From the data below, retype exactly the lines starting with the one that contains "Denim Shorts 9/10" and ending with the one that contains "İngilizler Adana&rsquo;nın Şalgamını Sevdi", both included.

== Segment start ==

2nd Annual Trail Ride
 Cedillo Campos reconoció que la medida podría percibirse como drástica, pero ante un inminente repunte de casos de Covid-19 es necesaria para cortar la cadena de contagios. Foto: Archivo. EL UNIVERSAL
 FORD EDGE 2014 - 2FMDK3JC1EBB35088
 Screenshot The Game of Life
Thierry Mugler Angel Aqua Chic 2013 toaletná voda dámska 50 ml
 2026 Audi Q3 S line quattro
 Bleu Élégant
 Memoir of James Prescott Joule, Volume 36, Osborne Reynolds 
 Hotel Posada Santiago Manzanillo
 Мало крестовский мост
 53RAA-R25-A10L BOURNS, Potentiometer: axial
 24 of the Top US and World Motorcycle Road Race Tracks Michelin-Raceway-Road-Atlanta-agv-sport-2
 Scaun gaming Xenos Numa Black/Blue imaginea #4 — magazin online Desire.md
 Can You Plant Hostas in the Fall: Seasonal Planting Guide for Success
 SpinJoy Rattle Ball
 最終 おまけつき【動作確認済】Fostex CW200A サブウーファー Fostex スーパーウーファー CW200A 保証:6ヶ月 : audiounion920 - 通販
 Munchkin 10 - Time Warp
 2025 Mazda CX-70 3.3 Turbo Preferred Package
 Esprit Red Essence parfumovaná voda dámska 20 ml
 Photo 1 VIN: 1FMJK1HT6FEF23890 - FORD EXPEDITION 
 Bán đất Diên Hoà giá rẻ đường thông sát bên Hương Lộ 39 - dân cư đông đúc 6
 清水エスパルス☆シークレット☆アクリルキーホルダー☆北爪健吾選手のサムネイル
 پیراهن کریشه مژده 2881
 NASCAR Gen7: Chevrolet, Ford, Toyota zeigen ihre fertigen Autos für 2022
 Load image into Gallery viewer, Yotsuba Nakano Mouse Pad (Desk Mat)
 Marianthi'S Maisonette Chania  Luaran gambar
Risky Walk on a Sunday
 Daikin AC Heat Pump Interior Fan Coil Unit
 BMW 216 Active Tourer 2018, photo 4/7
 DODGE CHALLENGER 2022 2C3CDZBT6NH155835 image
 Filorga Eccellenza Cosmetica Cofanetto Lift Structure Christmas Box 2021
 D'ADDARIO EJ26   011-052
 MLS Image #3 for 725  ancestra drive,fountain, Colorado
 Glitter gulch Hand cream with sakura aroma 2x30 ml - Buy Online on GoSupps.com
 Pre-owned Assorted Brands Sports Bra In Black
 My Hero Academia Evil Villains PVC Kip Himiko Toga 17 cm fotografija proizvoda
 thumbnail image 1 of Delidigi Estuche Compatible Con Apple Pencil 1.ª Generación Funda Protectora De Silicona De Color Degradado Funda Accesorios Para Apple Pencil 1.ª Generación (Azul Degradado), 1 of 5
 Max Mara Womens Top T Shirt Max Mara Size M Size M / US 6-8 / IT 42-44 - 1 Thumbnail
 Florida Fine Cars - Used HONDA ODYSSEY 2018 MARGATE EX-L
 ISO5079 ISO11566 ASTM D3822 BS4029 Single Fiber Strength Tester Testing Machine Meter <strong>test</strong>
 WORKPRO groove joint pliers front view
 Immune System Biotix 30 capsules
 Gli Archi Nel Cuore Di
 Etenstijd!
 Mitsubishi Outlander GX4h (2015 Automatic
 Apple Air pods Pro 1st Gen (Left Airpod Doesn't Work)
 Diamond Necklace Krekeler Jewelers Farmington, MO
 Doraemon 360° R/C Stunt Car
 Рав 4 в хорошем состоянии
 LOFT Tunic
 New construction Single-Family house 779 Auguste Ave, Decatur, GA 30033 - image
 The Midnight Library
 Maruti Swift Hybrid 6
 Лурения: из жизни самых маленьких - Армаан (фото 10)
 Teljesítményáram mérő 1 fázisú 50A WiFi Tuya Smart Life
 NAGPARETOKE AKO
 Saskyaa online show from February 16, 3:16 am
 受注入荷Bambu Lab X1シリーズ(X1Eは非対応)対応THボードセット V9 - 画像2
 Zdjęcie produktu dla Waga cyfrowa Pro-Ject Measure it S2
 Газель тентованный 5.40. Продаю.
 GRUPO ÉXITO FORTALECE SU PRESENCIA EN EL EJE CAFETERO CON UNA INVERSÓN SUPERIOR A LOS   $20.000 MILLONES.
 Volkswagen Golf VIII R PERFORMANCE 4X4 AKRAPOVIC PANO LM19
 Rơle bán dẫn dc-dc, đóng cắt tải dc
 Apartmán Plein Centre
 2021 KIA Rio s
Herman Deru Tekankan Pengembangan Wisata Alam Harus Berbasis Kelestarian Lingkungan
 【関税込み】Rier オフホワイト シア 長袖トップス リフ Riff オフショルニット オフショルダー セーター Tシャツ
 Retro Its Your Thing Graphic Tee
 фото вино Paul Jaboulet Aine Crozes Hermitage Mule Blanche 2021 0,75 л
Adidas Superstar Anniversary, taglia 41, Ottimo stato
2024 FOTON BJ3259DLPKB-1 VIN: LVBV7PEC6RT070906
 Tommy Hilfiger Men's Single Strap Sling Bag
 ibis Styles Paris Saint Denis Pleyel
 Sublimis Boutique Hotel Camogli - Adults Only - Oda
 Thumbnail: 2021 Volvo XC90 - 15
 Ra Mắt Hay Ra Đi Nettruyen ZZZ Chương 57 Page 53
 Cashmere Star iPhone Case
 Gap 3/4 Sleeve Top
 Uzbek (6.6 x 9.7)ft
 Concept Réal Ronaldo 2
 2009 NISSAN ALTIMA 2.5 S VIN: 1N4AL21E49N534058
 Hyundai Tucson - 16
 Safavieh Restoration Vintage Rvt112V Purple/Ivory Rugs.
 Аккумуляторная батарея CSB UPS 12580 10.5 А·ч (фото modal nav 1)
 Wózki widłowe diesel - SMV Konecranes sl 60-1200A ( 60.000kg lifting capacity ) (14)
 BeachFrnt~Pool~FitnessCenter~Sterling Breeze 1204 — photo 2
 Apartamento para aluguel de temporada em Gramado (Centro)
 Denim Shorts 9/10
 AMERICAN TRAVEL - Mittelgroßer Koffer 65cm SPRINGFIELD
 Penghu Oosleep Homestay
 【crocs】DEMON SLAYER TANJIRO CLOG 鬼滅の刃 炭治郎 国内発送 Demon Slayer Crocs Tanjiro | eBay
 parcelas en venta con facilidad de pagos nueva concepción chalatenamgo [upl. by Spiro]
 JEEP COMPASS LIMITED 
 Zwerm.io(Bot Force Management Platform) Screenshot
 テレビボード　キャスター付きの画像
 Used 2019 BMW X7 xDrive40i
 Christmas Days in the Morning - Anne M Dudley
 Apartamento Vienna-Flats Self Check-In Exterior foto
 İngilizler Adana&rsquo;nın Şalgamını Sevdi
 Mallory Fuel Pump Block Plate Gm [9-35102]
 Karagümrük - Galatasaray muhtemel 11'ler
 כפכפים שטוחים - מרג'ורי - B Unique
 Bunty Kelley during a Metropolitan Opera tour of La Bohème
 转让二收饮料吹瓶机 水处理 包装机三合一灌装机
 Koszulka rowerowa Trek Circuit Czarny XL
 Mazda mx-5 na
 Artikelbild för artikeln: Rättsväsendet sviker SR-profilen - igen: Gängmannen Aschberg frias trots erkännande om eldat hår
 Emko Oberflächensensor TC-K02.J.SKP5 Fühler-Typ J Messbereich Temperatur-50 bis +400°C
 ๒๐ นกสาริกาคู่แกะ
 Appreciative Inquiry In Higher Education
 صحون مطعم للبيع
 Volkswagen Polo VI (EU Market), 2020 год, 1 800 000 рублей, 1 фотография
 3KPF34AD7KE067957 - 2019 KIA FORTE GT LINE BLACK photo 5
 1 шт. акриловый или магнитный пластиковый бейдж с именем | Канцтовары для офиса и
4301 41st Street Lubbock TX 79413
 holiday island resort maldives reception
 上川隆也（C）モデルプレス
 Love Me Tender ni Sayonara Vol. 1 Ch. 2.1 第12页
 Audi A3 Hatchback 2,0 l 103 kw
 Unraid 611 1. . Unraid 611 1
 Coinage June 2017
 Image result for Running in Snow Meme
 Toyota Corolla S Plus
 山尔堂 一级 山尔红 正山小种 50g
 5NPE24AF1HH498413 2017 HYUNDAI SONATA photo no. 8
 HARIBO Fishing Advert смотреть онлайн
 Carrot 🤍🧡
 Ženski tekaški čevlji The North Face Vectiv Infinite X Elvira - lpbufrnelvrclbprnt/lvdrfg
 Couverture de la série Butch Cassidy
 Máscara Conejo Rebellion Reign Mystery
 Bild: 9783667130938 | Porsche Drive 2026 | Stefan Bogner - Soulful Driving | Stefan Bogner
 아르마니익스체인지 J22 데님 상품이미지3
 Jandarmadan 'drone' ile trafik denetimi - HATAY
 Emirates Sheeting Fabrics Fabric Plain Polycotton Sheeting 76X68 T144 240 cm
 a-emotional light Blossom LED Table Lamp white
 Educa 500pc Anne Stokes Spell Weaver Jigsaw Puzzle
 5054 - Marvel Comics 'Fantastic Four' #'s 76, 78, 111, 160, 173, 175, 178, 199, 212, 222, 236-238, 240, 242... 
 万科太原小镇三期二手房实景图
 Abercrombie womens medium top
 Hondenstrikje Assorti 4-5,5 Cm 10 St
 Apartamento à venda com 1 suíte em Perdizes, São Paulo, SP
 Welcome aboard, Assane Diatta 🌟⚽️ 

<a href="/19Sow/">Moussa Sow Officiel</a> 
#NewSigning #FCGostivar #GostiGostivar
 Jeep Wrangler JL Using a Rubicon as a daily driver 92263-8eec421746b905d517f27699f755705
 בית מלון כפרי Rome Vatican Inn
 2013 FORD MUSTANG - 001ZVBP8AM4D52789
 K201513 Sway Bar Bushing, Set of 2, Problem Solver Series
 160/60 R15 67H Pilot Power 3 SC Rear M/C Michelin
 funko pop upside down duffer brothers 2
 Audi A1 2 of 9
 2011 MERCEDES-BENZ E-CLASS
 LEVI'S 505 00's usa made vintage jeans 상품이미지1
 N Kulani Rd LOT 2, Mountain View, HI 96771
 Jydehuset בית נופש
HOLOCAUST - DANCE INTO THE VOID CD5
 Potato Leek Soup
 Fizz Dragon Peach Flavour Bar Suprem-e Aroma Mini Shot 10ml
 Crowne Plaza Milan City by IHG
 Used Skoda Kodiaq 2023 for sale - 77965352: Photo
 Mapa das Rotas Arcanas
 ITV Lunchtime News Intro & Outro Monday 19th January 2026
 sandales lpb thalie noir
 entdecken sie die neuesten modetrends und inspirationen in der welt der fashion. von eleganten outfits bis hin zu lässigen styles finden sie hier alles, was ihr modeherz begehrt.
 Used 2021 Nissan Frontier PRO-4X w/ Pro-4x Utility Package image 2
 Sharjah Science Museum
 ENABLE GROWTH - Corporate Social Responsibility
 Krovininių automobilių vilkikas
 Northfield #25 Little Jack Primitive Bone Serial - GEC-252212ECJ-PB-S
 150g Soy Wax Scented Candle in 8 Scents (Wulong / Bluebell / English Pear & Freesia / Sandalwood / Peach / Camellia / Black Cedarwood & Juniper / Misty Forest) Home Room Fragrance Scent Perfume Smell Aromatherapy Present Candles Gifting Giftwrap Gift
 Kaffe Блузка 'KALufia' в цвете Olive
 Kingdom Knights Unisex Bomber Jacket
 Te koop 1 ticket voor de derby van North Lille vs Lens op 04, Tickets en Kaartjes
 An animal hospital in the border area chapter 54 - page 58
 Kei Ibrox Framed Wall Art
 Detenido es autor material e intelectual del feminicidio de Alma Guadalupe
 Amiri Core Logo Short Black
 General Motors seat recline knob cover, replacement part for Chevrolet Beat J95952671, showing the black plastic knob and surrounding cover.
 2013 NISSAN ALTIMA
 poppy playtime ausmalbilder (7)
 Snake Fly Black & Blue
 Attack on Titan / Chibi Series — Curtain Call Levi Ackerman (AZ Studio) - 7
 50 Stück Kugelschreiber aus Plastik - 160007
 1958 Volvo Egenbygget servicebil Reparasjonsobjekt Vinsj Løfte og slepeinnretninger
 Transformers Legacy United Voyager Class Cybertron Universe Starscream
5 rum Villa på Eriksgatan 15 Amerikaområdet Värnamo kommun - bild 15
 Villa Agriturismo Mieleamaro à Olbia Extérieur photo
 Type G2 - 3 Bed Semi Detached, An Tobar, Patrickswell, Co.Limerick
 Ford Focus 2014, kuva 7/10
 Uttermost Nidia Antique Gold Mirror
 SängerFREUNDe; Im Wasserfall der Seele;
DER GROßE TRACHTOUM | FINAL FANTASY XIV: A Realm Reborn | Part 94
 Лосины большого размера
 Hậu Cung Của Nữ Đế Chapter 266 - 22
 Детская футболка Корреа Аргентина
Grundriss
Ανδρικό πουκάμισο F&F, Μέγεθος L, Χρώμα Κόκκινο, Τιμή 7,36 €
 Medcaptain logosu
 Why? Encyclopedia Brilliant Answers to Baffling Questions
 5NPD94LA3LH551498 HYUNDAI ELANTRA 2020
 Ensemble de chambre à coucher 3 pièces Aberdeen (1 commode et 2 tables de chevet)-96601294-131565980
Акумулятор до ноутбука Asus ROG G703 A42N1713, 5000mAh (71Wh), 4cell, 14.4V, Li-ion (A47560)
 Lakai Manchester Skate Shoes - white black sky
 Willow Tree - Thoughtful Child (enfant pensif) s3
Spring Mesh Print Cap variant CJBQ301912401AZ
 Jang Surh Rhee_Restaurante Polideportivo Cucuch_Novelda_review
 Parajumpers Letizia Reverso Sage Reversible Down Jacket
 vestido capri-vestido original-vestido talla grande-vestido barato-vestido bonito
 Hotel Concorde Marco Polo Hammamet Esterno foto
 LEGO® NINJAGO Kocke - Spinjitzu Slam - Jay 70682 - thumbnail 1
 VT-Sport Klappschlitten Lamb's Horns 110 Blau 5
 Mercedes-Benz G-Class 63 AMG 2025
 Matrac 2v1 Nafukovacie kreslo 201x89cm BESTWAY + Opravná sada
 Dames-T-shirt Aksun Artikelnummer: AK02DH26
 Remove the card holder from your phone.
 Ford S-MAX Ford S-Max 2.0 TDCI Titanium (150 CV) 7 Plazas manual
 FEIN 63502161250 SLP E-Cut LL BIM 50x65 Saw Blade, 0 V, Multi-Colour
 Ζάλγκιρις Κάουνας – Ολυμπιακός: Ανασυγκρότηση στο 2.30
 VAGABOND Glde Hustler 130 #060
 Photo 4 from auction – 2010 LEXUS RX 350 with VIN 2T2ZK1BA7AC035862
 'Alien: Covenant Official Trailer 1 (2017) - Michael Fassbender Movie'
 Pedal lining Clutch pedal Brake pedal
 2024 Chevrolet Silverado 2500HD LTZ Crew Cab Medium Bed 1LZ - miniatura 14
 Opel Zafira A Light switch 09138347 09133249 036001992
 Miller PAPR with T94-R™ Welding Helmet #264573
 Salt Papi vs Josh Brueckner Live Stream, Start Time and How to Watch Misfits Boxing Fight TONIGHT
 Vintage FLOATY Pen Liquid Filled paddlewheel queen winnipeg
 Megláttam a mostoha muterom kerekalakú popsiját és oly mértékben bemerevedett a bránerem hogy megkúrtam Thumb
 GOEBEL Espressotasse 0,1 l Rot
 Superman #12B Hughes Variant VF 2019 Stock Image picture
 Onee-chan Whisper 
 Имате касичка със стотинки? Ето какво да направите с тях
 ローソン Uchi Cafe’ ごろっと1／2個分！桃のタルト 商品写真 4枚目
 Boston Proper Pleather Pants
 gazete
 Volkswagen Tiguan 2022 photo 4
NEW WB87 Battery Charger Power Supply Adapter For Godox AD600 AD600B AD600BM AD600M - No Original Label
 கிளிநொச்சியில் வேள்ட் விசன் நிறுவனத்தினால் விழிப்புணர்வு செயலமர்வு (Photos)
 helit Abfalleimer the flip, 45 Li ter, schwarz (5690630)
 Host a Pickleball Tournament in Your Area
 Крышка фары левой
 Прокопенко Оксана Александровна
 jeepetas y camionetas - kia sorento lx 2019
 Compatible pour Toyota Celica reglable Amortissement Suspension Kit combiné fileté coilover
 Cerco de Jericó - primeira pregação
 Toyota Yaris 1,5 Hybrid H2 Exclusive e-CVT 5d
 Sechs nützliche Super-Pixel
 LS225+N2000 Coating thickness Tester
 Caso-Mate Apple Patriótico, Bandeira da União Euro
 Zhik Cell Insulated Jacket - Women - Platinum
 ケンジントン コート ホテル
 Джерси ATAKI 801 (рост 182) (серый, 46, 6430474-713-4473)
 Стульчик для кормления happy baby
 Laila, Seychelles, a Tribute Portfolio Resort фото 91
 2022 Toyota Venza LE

== Segment end ==

ANSWER BELOW:
 Denim Shorts 9/10
 AMERICAN TRAVEL - Mittelgroßer Koffer 65cm SPRINGFIELD
 Penghu Oosleep Homestay
 【crocs】DEMON SLAYER TANJIRO CLOG 鬼滅の刃 炭治郎 国内発送 Demon Slayer Crocs Tanjiro | eBay
 parcelas en venta con facilidad de pagos nueva concepción chalatenamgo [upl. by Spiro]
 JEEP COMPASS LIMITED 
 Zwerm.io(Bot Force Management Platform) Screenshot
 テレビボード　キャスター付きの画像
 Used 2019 BMW X7 xDrive40i
 Christmas Days in the Morning - Anne M Dudley
 Apartamento Vienna-Flats Self Check-In Exterior foto
 İngilizler Adana&rsquo;nın Şalgamını Sevdi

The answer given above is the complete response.